At a $1.69 an AUM, its welfare, plain and simple. Market value is exponentially higher. My grandparents ranched and had a dairy. I know all about how hard it is, and how good and honest most of these people are. But it has got to the point that some ranchers will poach grazing just about anywhere, public, private, doesn't matter. 

So not only is their grazing being paid for by everyone, they cost me money straight out of my own pocket to fence their cattle out, and maintain the fence. I just talked to a guy in Idaho last week that has around 1000 acres and he is up against the same problem. HHmmm, I wonder who keeps cutting the fence?

I've gone over several grazing agreements, because of stream abuses, over grazing, fencing issues, etc. And the vast majority are not in compliance with their agreements. They are running too many animals, not rotating allotments, etc. 

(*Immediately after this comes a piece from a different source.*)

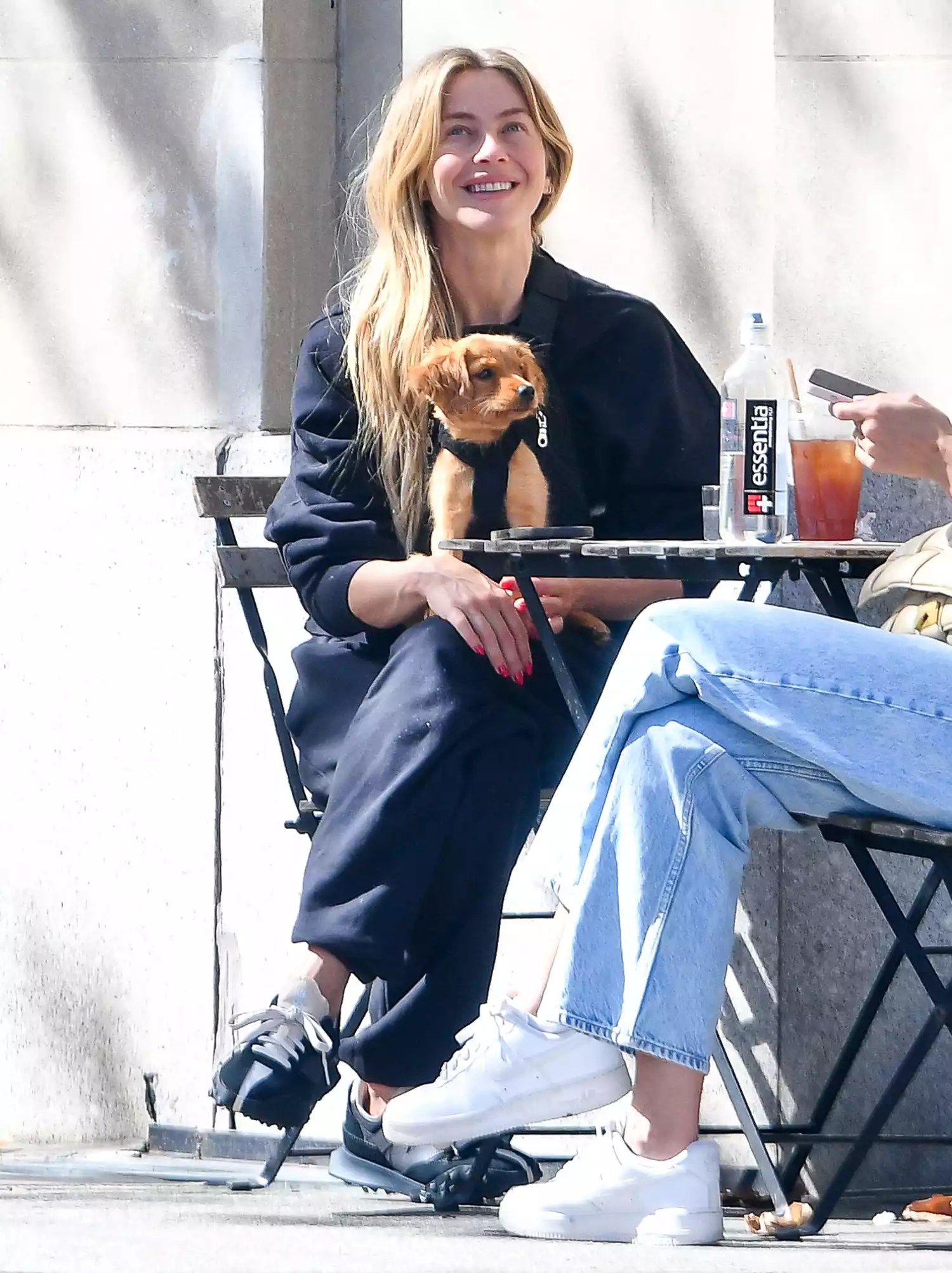 EXCLUSIVE: Julianne Hough gets a kiss from her new puppy in New York City.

Maybe we should all be able to camp and recreate on public property for similar fees.


----------



## hemionus (Aug 23, 2009)

I work with a lot of private landowners, ranchers, and farmers. It is a diverse group just like any other segment of society. Unfortunately there are folks like the Bundy's. Fortunately there are folks who work collaboratively with public agencies, NGO's, and even environmental groups and are some of our greatest land stewards. I am privileged to work with some of them in Utah and get to meet these hard working individuals and hear stories from across the U.S. Hopefully this isn't hijacking your thread, just thought I would balance the perspective.

Here is a neat video just as an example. Take a second and watch, it isn't all doom and gloom.


----------



## #1DEER 1-I (Sep 10, 2007)

Just to put things into perspective. The guy who uses our pastures during the summer and fall pays $15 per month per head, that does not include the water bill which is culinary water and cattle consume a lot of water so that bill is usually fairly high as well every month. It is also their job to irrigate the pastures when it is our water turn. They also have a set date when they can go in (last week of May usually through mid October) and a set day to get out . Depending on how much water is available during that year determines how many head of cows the pastures can handle. There are two pastures they have to rotate the cattle themselves as well as fix the fences on the property their cattle use. Now the $15 per head is actually a cheaper than he pays on other ground he leases, private land usually runs at about $20 per AUM on private land. 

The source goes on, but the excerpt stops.